After seven glorious years, The London Design Festival has now produced an unruly, hyperactive little spawn.
In contrast to the manicured main festival, which runs all this week in venues across the city (watch our featured videos to see some of the work at the Oxo Tower), the anarchic child, the Anti-Design Festival, opens in The Gallery in Redchurch Street where messy desks and surreal performance art give the impression of entering the disordered bedroom of a delinquent but gifted teenager.
At the entrance, scrawled like graffiti is a neon sign above cinema style seating, it says simply: ‘what a bunch of cunts’, yes ATP is definitely an angsty teen. Round a corner a 6-inch model of a young girl lifts her t-shirt to reveal exposed intestines, and in the smoky main room, megaphones hang from makeshift wooden posts; they distort the voice of the speaker, the sound is not pleasant.
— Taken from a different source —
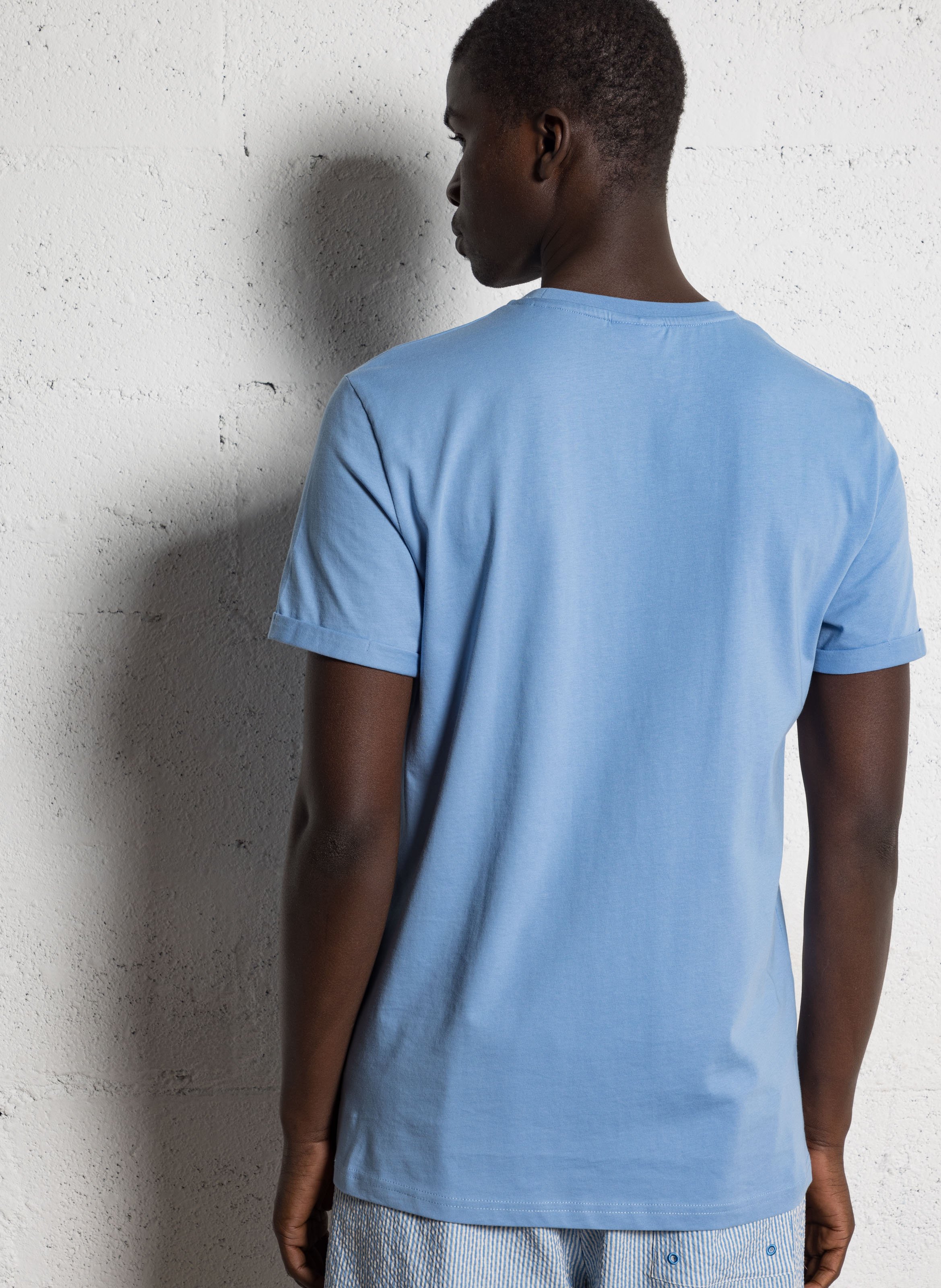 Straight-cut organic cotton T-shirt LES DEUX Blue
There are different talks and ‘audio infestations’ which change every night, but on Wednesday evening I was promised, “an opportunity for the audience to explore the relationship between academic and professional life and the role and responsibility of designers”. It featured contributions and talks by some impressive names, like Jonathan Barnbrook, James Allen, and Martin Bright of New Deal of the Mind.
Uber Collision: Epic Fail is a set of desks randomly placed, and covered with messy files, paper scraps and posters. No post-its though. You can rifle through and look at the computer screens and box files. One print-out, laid out like a newspaper reads: ‘must get early night tonight’, and underneath in smaller type ‘need to rest’. If they were filming a pilot show for The Apprentice, where toddlers take over an office, this would be the set. The sense of procrastination and pointlessness was so strong it made me want to do some filing.
The ADF is the brainchild of Neville Brody – the typographer and graphic designer involved in the cult fashion magazine The Face – in an attempted antidote to sanitised, corporate-sponsored design. It feels raw, but that’s not to say it’s not worth a look, and even if art isn’t your thing, there will be live music and performances every night this week, giving it a warehouse party vibe.
Perhaps the most surprising thing about the irritatingly precocious teen is that he has an Aussie accent. Thirteen of Australia’s top designers are using the ADF to launch their work in the UK Expect still life and jewellery from funky New South Wales company Dinosaur Designs, quirky but functional interiors by Brisbane artist Alexander Lotersztain and eye-catching pots by Marc Pascal. Expect upcycling, braille wallpaper and hemp textiles.
So after a day looking at what the main festival has to offer, why not slum it in Hackney with art’s newest wild child? Don’t forget your Ritalin.